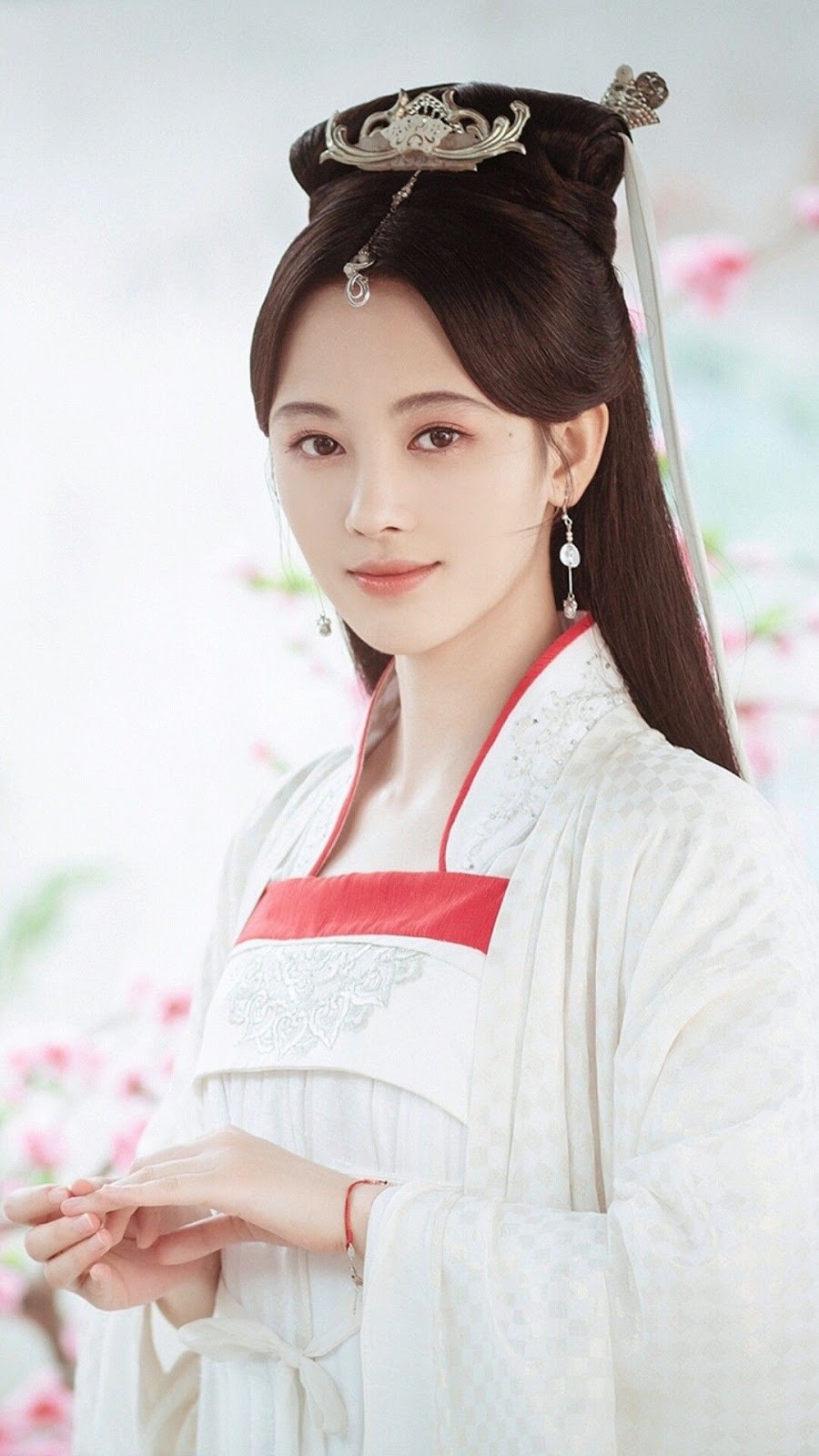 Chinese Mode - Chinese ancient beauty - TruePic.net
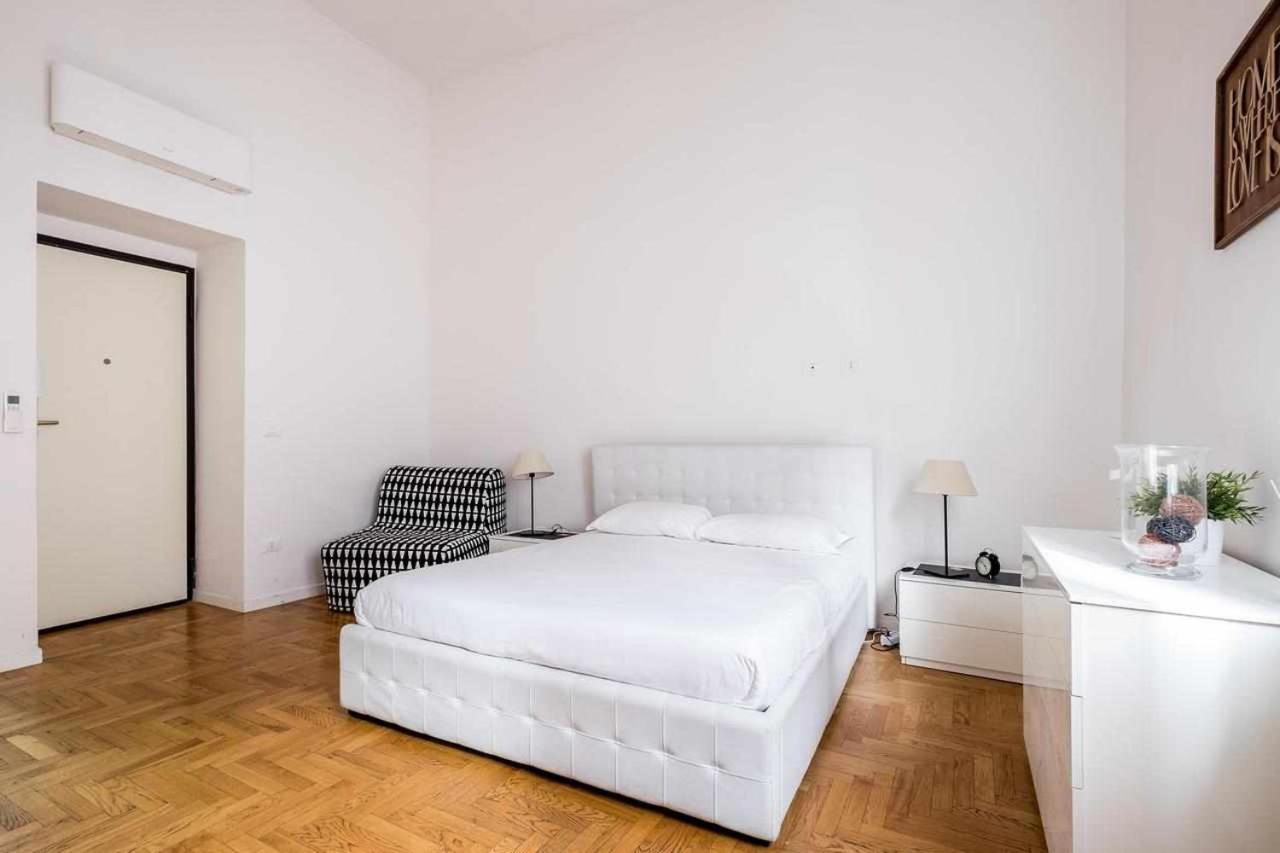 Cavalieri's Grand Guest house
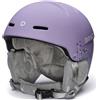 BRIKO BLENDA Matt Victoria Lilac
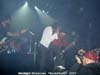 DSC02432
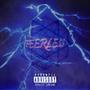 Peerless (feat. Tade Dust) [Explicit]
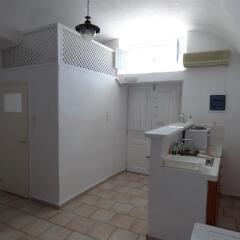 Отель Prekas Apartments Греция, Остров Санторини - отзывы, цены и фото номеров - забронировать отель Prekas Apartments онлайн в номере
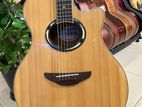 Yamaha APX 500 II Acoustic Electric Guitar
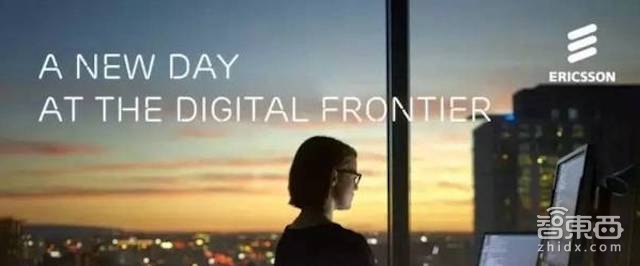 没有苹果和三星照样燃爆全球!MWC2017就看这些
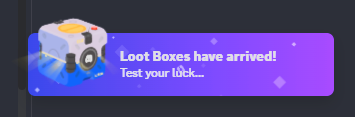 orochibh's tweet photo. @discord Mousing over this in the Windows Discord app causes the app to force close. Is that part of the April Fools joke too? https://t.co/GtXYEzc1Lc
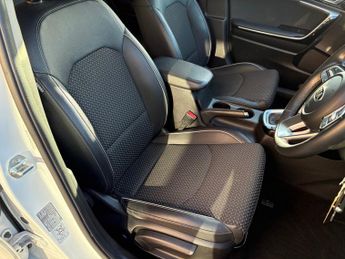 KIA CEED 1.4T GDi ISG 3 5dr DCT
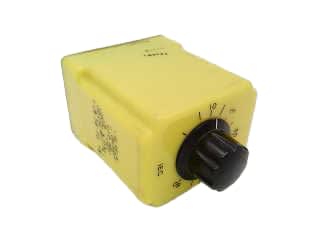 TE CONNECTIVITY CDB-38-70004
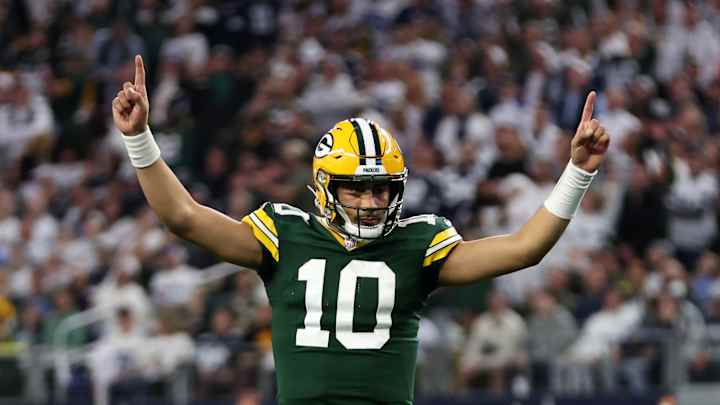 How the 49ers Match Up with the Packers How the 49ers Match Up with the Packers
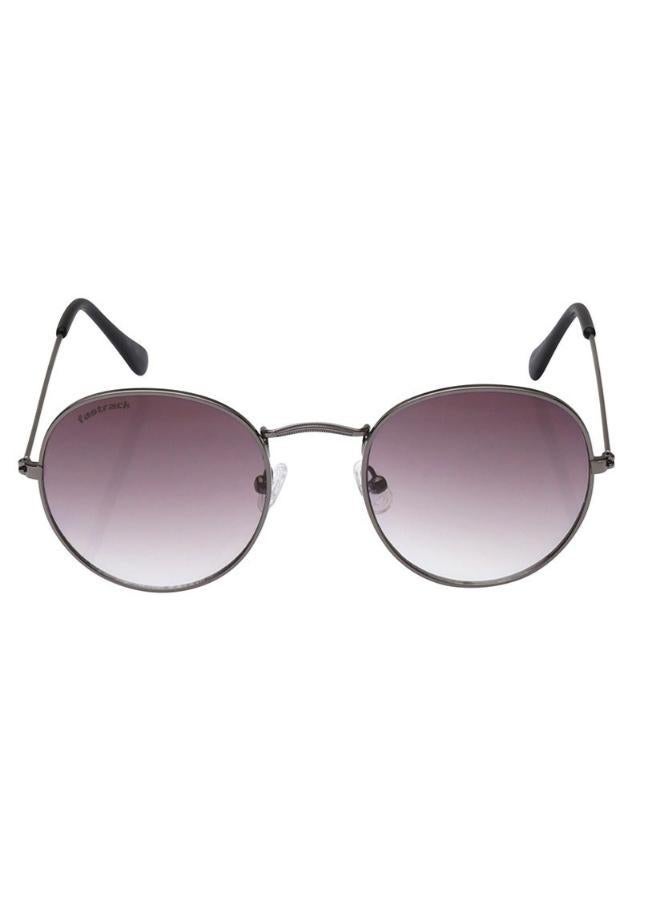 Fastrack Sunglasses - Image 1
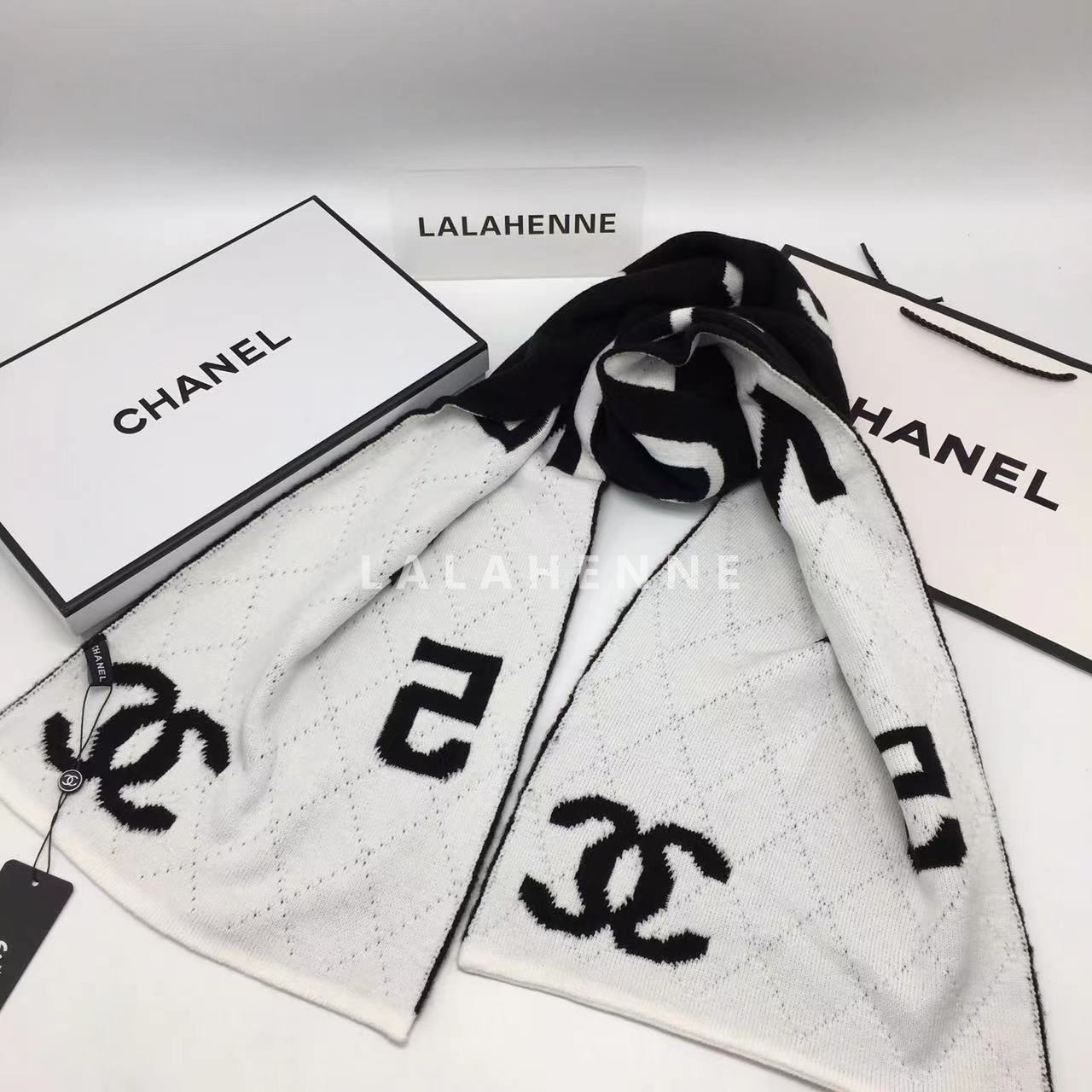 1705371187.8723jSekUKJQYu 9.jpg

--*--

▶ INSTRUCTIONS FOR THE TASK
The whole of the data needs to be copied word for word, though not its pictures.

▶ YOUR SOLUTION
 Chinese Mode - Chinese ancient beauty - TruePic.net
 Cavalieri's Grand Guest house
 BRIKO BLENDA Matt Victoria Lilac
 DSC02432
 Peerless (feat. Tade Dust) [Explicit]
 Отель Prekas Apartments Греция, Остров Санторини - отзывы, цены и фото номеров - забронировать отель Prekas Apartments онлайн в номере
 Yamaha APX 500 II Acoustic Electric Guitar
 没有苹果和三星照样燃爆全球!MWC2017就看这些
 orochibh's tweet photo. @discord Mousing over this in the Windows Discord app causes the app to force close. Is that part of the April Fools joke too? https://t.co/GtXYEzc1Lc
 KIA CEED 1.4T GDi ISG 3 5dr DCT
 TE CONNECTIVITY CDB-38-70004
 How the 49ers Match Up with the Packers How the 49ers Match Up with the Packers
 Fastrack Sunglasses - Image 1
 1705371187.8723jSekUKJQYu 9.jpg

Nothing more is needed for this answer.